===== Provided information

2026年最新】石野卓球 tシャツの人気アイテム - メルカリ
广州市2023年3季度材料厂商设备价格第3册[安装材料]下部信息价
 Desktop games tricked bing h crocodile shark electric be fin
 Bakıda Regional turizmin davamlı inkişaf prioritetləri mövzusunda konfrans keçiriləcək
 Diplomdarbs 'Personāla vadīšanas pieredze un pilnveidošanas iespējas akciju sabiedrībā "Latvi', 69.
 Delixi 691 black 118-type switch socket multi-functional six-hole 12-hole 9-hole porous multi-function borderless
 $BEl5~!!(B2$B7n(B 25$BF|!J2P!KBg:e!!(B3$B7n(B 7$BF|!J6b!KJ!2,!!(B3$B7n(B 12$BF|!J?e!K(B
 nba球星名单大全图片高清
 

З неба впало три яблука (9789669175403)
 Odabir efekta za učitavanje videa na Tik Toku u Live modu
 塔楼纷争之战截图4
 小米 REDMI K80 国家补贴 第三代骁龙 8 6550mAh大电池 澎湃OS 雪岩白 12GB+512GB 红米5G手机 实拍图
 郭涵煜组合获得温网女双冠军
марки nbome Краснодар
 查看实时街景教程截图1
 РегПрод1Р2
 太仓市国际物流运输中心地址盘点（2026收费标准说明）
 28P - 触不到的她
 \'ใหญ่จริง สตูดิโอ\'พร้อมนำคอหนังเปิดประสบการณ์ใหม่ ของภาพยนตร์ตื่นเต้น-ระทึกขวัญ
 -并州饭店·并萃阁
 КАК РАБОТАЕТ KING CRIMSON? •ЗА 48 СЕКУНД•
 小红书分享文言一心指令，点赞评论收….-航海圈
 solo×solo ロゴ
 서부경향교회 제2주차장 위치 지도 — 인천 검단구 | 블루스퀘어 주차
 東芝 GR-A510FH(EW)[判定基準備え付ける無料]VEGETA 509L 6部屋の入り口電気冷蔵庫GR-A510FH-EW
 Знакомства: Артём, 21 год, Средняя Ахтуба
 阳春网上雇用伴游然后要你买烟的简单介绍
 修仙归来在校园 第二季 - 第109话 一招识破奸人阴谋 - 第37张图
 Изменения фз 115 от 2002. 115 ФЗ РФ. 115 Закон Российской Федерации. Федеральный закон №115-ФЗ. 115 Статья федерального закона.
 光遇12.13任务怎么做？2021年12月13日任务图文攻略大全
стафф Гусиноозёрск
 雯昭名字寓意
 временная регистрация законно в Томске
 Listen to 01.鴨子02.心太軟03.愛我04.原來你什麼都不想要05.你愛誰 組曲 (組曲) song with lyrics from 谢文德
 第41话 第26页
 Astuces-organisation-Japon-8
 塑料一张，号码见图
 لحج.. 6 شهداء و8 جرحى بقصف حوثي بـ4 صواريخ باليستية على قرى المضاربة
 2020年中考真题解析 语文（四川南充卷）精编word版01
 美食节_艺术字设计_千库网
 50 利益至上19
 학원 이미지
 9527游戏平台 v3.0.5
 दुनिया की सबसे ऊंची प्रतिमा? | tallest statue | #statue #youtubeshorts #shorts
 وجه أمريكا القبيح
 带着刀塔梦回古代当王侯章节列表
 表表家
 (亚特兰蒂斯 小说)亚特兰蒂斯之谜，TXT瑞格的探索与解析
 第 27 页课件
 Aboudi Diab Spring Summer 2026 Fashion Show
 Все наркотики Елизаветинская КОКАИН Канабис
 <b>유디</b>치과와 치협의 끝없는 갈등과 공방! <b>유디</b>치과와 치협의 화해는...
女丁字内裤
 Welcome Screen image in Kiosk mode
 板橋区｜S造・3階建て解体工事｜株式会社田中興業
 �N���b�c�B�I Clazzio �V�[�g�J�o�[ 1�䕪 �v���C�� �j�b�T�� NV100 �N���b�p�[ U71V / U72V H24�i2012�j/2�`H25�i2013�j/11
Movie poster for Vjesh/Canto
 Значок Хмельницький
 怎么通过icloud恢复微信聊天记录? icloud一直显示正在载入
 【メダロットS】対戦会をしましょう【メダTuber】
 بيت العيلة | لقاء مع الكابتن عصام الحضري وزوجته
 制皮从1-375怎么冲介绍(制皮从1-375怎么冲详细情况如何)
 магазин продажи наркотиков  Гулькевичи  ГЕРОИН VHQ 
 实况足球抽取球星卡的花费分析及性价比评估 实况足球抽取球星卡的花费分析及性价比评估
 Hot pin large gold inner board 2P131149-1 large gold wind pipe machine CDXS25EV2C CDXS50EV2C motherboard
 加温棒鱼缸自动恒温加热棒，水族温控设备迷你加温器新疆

==========

What this task involves
Search the listing above for the lines with "Clazzio �V�[�g�J�o�[ 1�䕪" and "Hot pin large", then output those lines and all lines between them exactly.

Task answer
 �N���b�c�B�I Clazzio �V�[�g�J�o�[ 1�䕪 �v���C�� �j�b�T�� NV100 �N���b�p�[ U71V / U72V H24�i2012�j/2�`H25�i2013�j/11
Movie poster for Vjesh/Canto
 Значок Хмельницький
 怎么通过icloud恢复微信聊天记录? icloud一直显示正在载入
 【メダロットS】対戦会をしましょう【メダTuber】
 بيت العيلة | لقاء مع الكابتن عصام الحضري وزوجته
 制皮从1-375怎么冲介绍(制皮从1-375怎么冲详细情况如何)
 магазин продажи наркотиков  Гулькевичи  ГЕРОИН VHQ 
 实况足球抽取球星卡的花费分析及性价比评估 实况足球抽取球星卡的花费分析及性价比评估
 Hot pin large gold inner board 2P131149-1 large gold wind pipe machine CDXS25EV2C CDXS50EV2C motherboard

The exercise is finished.